• TASK PROMPT:
Please copy out the entries exactly, skipping any pictures.

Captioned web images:
======

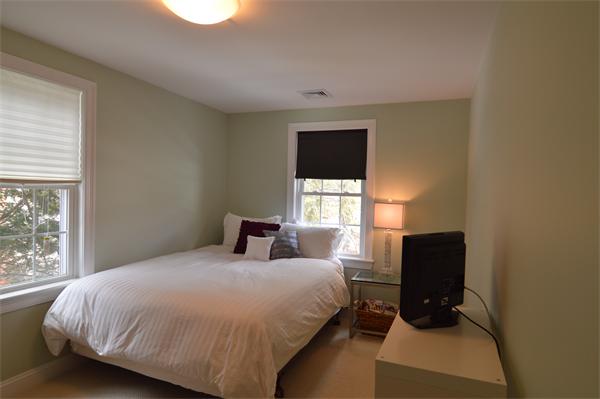115 Booth Street, Unit 115 Needham, MA 02494 - Photo 9 of 15 a bedroom with a bed a flat screen tv and window
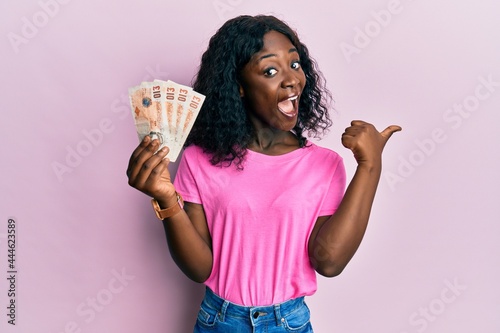 Beautiful african young woman holding 10 united kingdom pounds banknotes pointing thumb up to the side smiling happy with open mouth photo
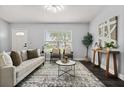 Inviting living room with a neutral palette, large window, and comfortable seating arrangement at 410 Kentia Rd, Casselberry, FL 32707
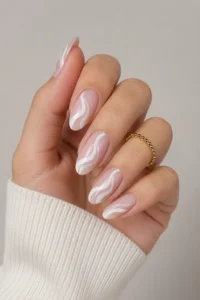 27. White Swirl Nail Art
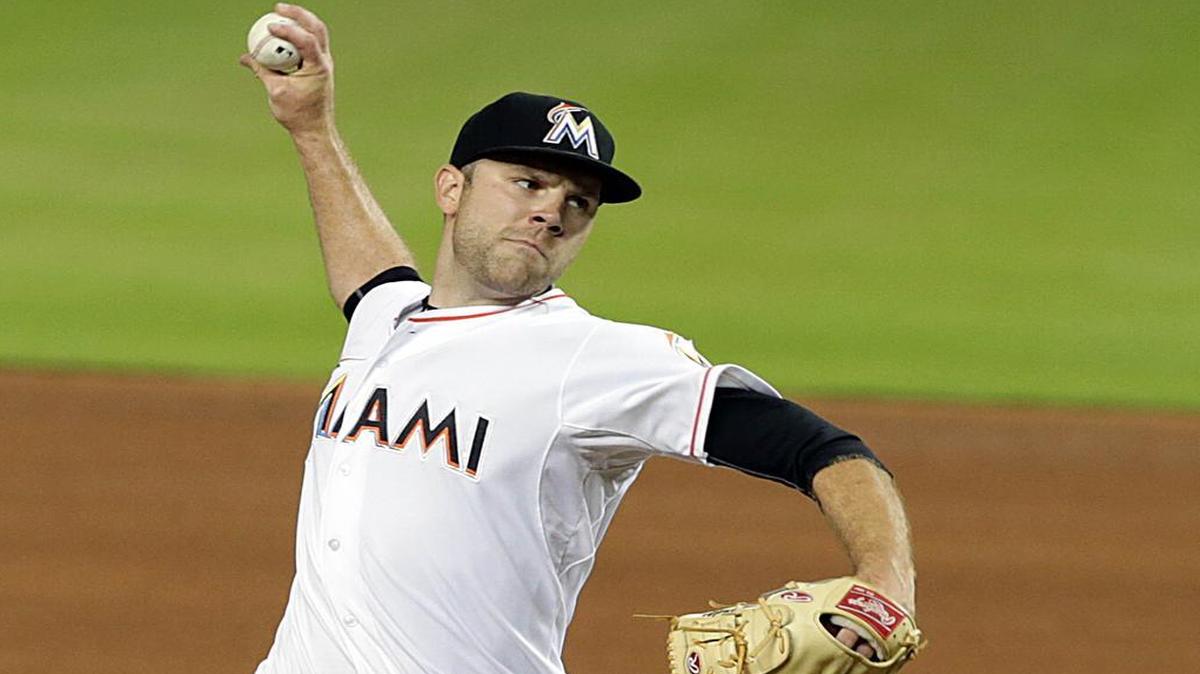 
David Phelps pitches for the Miami Marlins in the first inning against the Cincinnati Reds at Marlins Park in Miami on Friday, July 10, 2015.
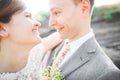 Close up portrait of couple against river and green trees. Beautiful young woman kissing handsome man outdoors Royalty Free Stock Photo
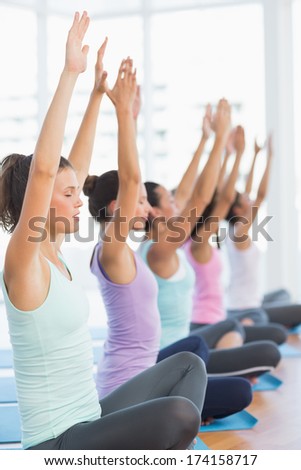 Side view of sporty young women in meditation pose with eyes closed at a bright fitness studio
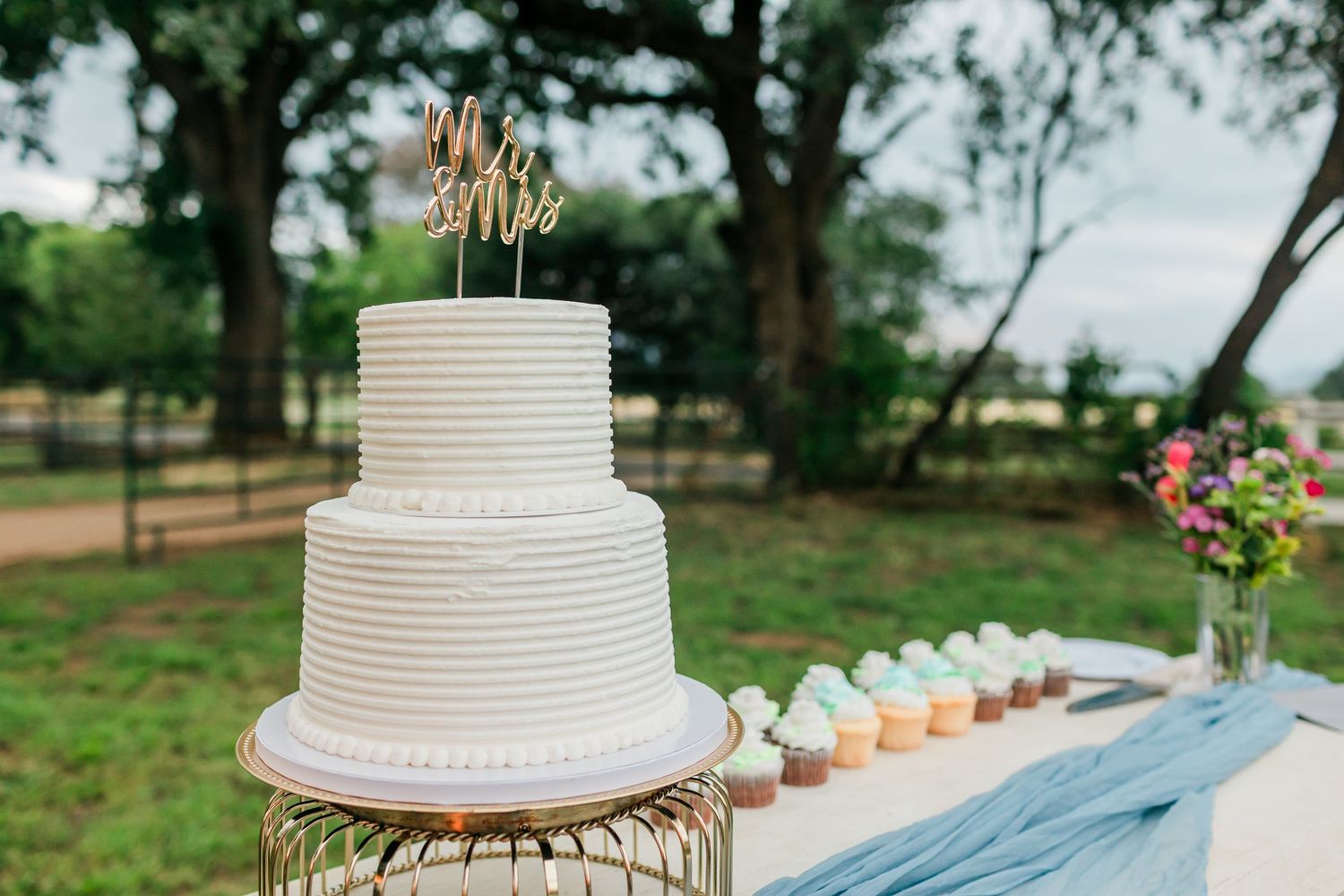 Three-tier white ribbed wedding cake with Mr & Mrs topper displayed outdoors beside pastel cupcakes on a lace table.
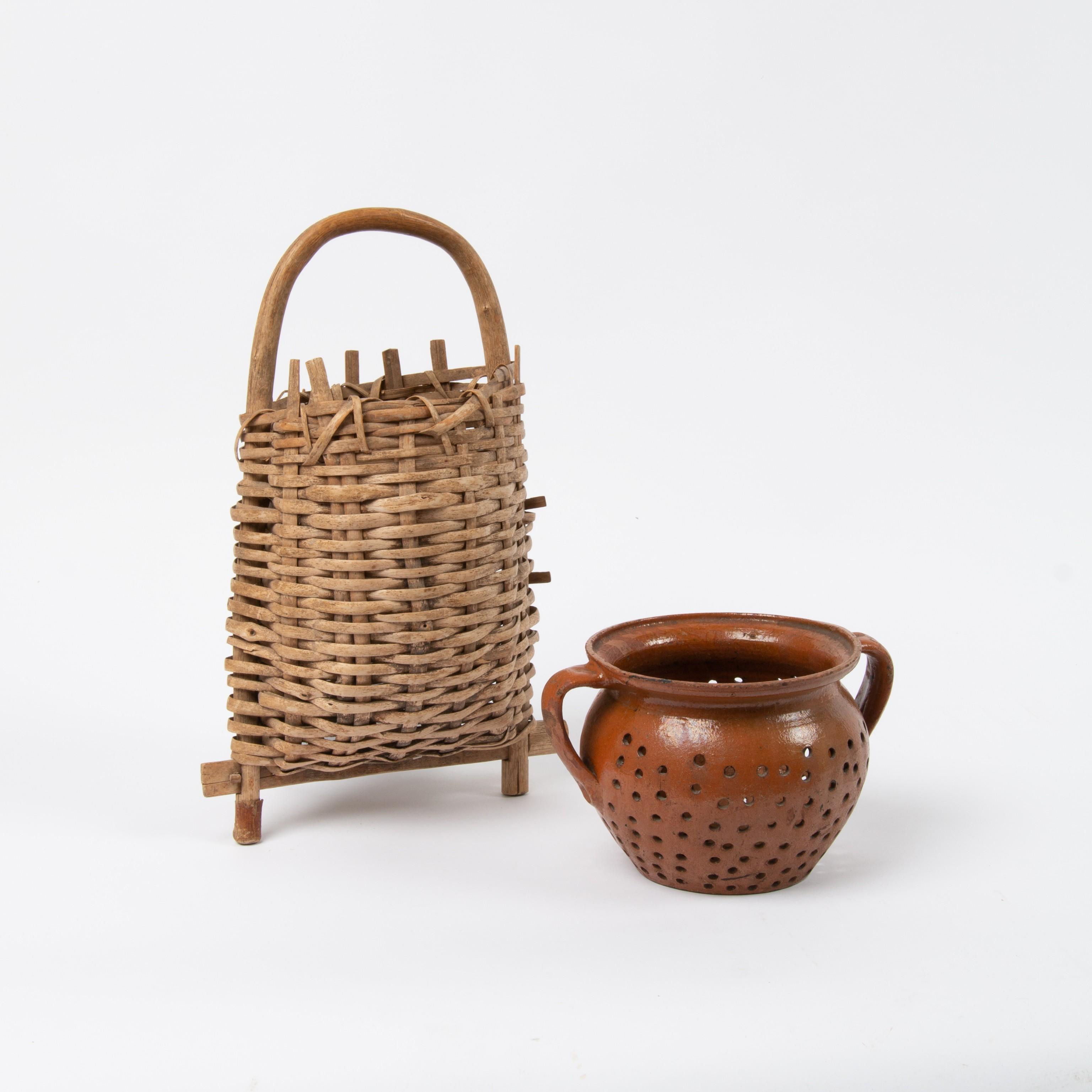 Appraisal: REDWARE CHEESE STRAINER AND UNUSUAL SPLINT BASKET In this lot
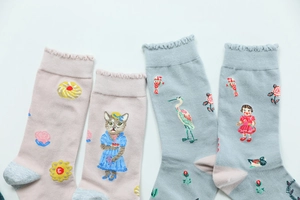 Detail of ruffled cuffs and embroidery featuring cats and birds on cotton socks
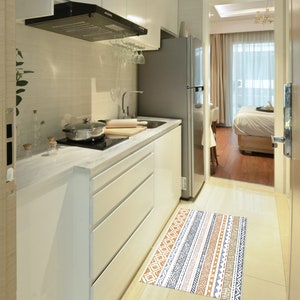May include: A white kitchen with a stainless steel refrigerator, a white countertop, and a black range hood. A patterned rug is on the floor in front of the kitchen.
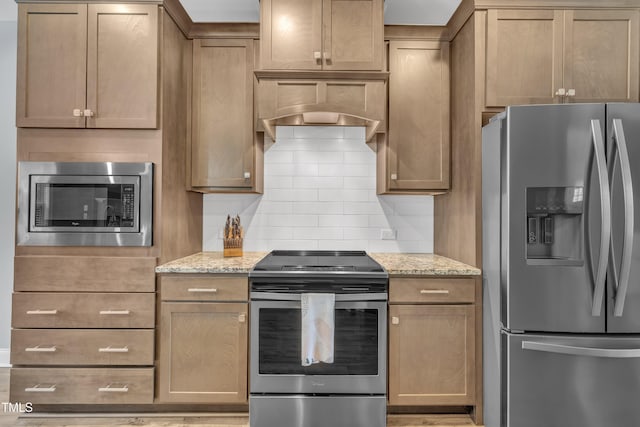 1109 Agio Ct, Zebulon, NC 27597 - kitchen with stainless steel appliances, decorative backsplash, and light stone countertops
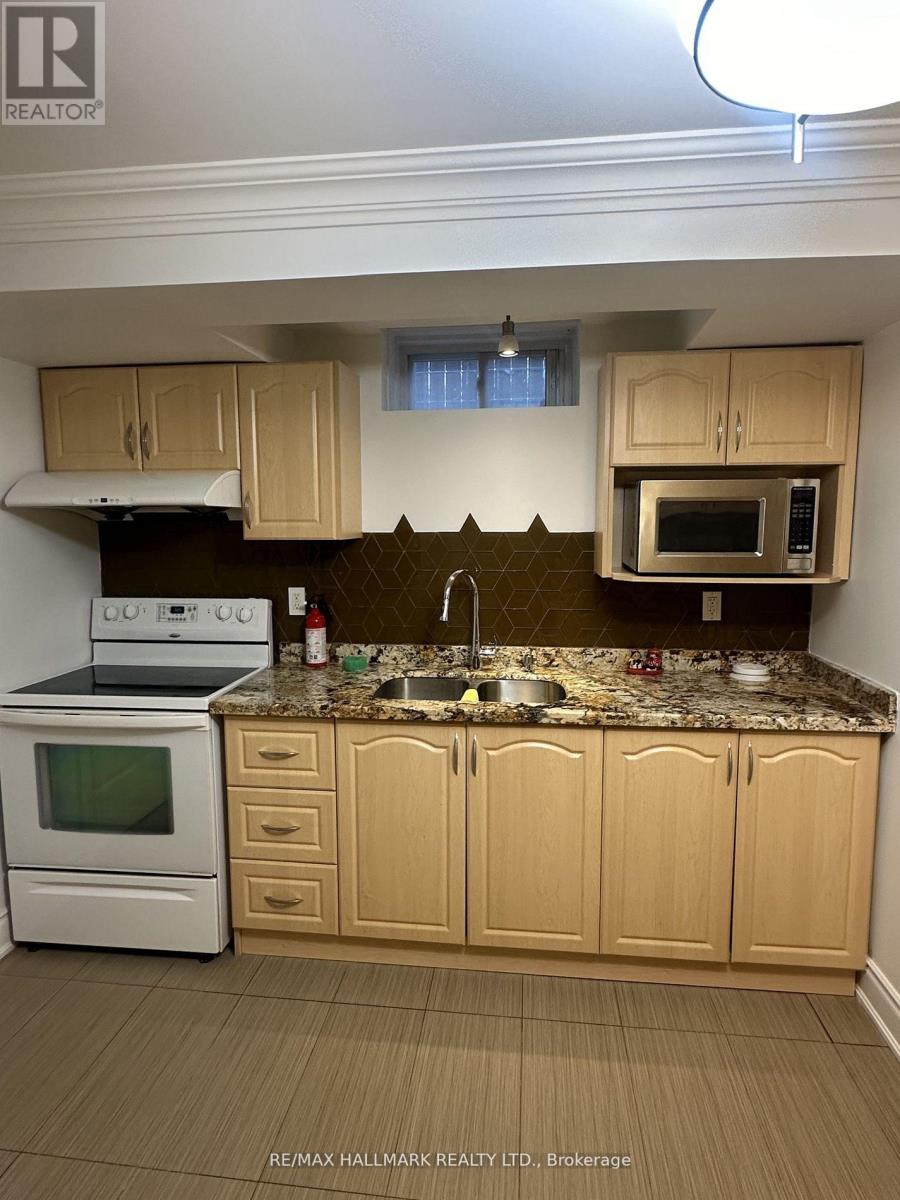 A kitchen with a white oven and microwave, a sink, and wooden cabinets.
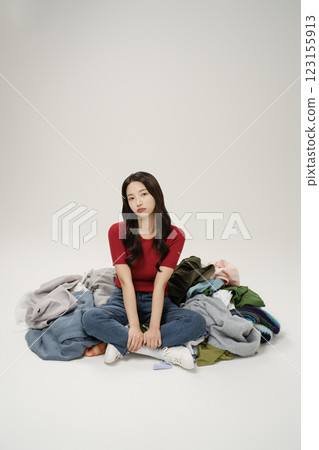 A woman in her 20s sitting in front of a pile of clothes 123155913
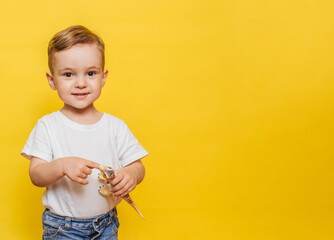 Cute laughing little boy on a yellow background with a dinosaur toy in his hands. Copy space.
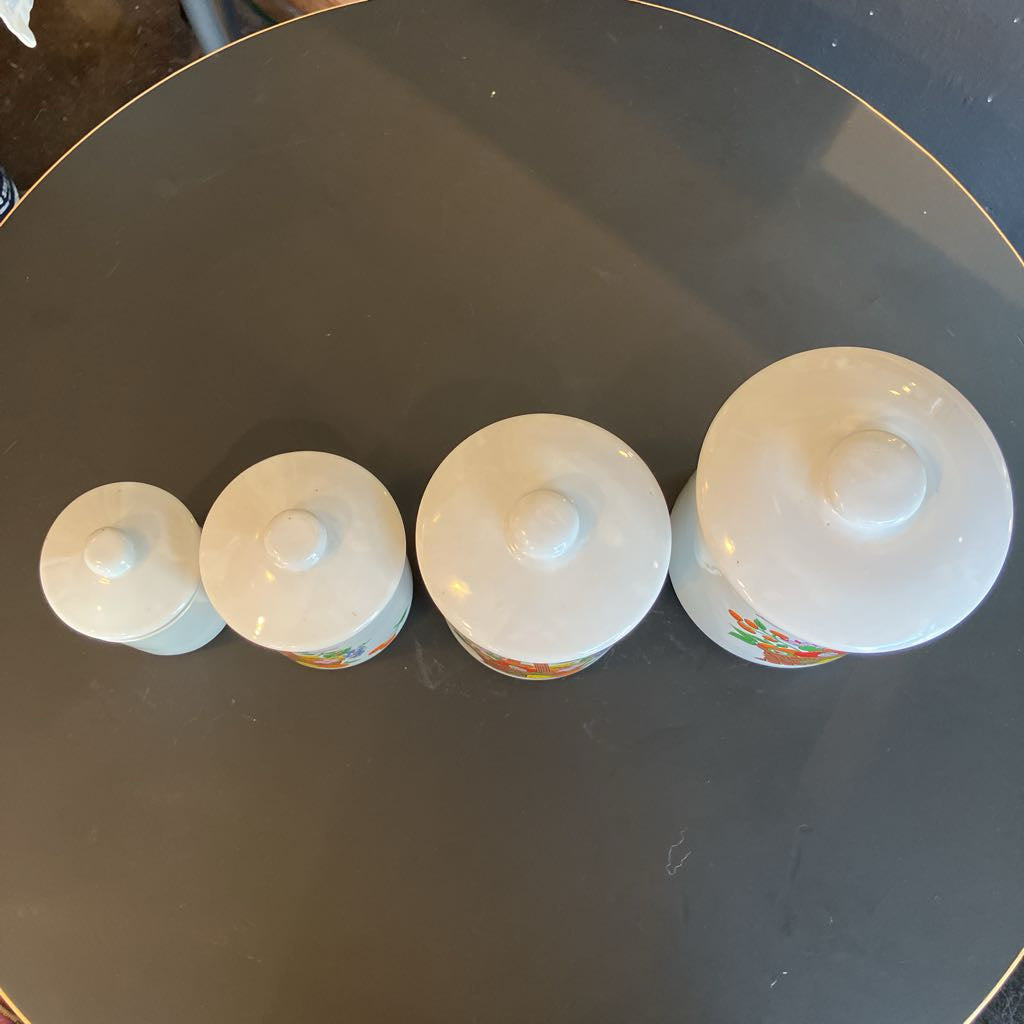 Four white ceramic lidded canisters in a graduated size set, arranged in a row on a dark reflective surface.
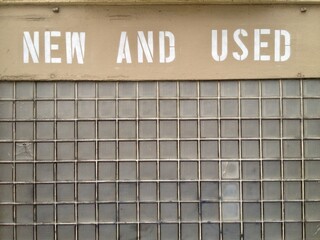 "New and Used" Vintage Store Sign on Glass Block Wall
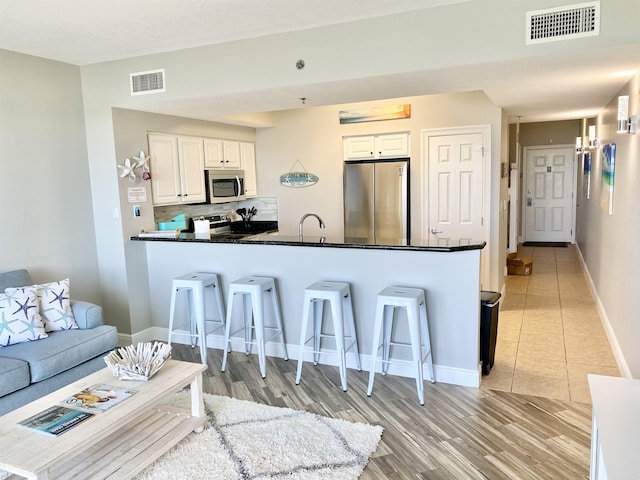 122 Seascape Dr Unit 1406, Destin, FL 32550 - kitchen with stainless steel appliances, a peninsula, a kitchen breakfast bar, and white cabinets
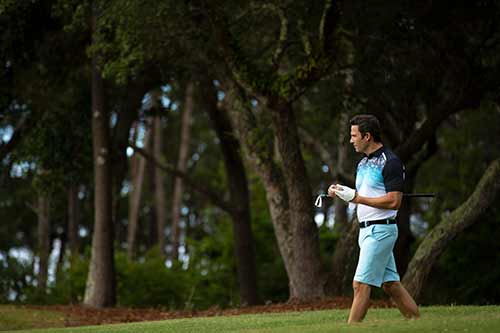 Man walking on golf field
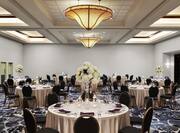Ballroom with about 10 round cloth-covered tables with place settings and 8 chairs each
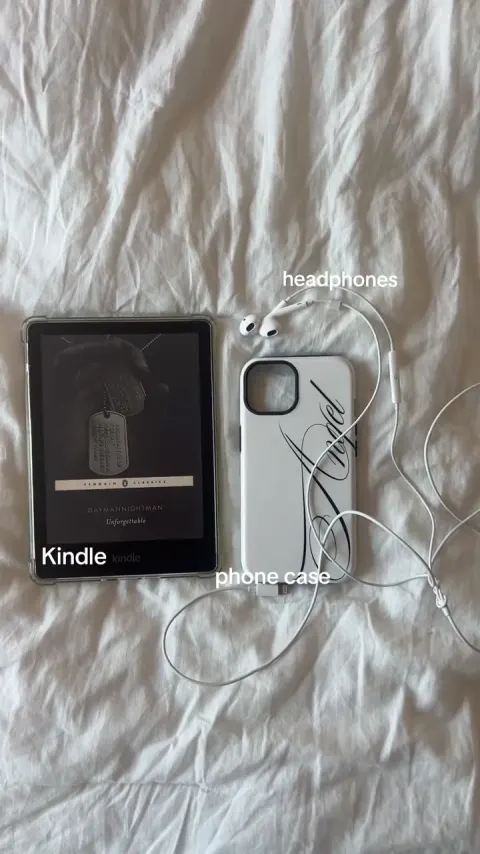 A Kindle, phone case and wired headphones on a white sheet, labeled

======

• ANSWER BOX:
115 Booth Street, Unit 115 Needham, MA 02494 - Photo 9 of 15 a bedroom with a bed a flat screen tv and window
 Beautiful african young woman holding 10 united kingdom pounds banknotes pointing thumb up to the side smiling happy with open mouth photo
 Inviting living room with a neutral palette, large window, and comfortable seating arrangement at 410 Kentia Rd, Casselberry, FL 32707
 27. White Swirl Nail Art
David Phelps pitches for the Miami Marlins in the first inning against the Cincinnati Reds at Marlins Park in Miami on Friday, July 10, 2015.
 Close up portrait of couple against river and green trees. Beautiful young woman kissing handsome man outdoors Royalty Free Stock Photo
 Side view of sporty young women in meditation pose with eyes closed at a bright fitness studio
 Three-tier white ribbed wedding cake with Mr & Mrs topper displayed outdoors beside pastel cupcakes on a lace table.
 Appraisal: REDWARE CHEESE STRAINER AND UNUSUAL SPLINT BASKET In this lot
 Detail of ruffled cuffs and embroidery featuring cats and birds on cotton socks
May include: A white kitchen with a stainless steel refrigerator, a white countertop, and a black range hood. A patterned rug is on the floor in front of the kitchen.
 1109 Agio Ct, Zebulon, NC 27597 - kitchen with stainless steel appliances, decorative backsplash, and light stone countertops
 A kitchen with a white oven and microwave, a sink, and wooden cabinets.
 A woman in her 20s sitting in front of a pile of clothes 123155913
 Cute laughing little boy on a yellow background with a dinosaur toy in his hands. Copy space.
 Four white ceramic lidded canisters in a graduated size set, arranged in a row on a dark reflective surface.
 "New and Used" Vintage Store Sign on Glass Block Wall
 122 Seascape Dr Unit 1406, Destin, FL 32550 - kitchen with stainless steel appliances, a peninsula, a kitchen breakfast bar, and white cabinets
 Man walking on golf field
Ballroom with about 10 round cloth-covered tables with place settings and 8 chairs each
 A Kindle, phone case and wired headphones on a white sheet, labeled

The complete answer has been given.